Weiter geht dann die Fahrt in Richtung Isla Taquile. Wir können nun sogar draussen an Deck sitzen und die Landschaft betrachten. Es ist frisch und gut auszuhalten mit der richtigen Kleidung. Auf Taquile machen wir eine kleine Wanderung bergauf bis unserem Treffpunkt zum Mittagessen. Die Insel besitzt viele Terrassen um den Anbau von Ost und Gemüse möglich zu machen.

Einschub:
Taquile (Spanisch) oder Intika (Quechua) ist eine Insel im peruanischen Teil des Titicaca-Sees, 45 km von der Stadt Puno entfernt. Die Insel ist etwa 5,5 km lang und bis zu 1,6 km breit. Der höchste Punkt liegt bei 4.050 m Höhe über dem Meeresspiegel, der größte Ort bei 3.950 m (zum Vergleich die Wasseroberfläche des Titicaca-Sees: 3.810 m). Taquile hat etwa 1.700 quechuasprachige Einwohner, die auf Spanisch Taquileños genannt werden. Das Quechua (Variante Qusqu-Qullaw) wird von allen Altersstufen aktiv gesprochen. Besonders unter den Jüngeren sprechen viele auch Spanisch.

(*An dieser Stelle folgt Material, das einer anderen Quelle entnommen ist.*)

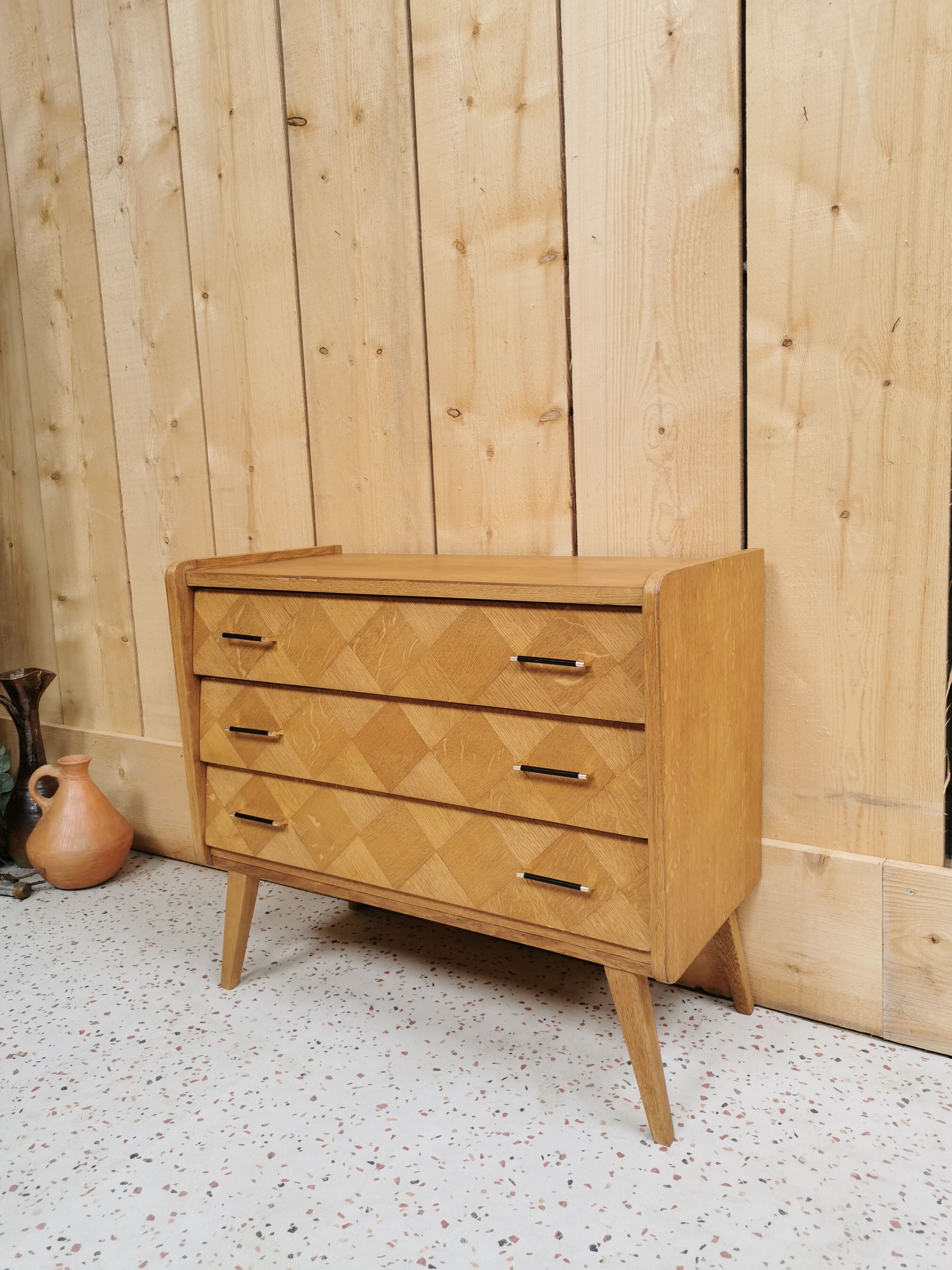 Chest of drawer compass feet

Beim Mittagessen komme ich mir Spaniern aus Madrid und Argentiniern ins Gespräch. Es ist ganz schön zu erleben, dass mein Spanisch mittlerweile dafür schon ausreicht. Anschließend erfahren wir mehr über die Lebensweise der Menschen hier. Sei es die Trachten und deren Bedeutung, über Ackerbau, Textilherstellung, Tanz und die gesellschaftliche Organisation. Danach geht es wieder zurück zum Boot und auf den Heimweg nach Puno.

Im „Heimathafen“ wieder angekommen haben wir alle einen ganz tollen und überraschenden Tag erlebt. Begonnen beim Wetter bis hin zu dieser doch fremden Kultur und deren Beständigkeit gegenüber allzu modernen Einflüssen.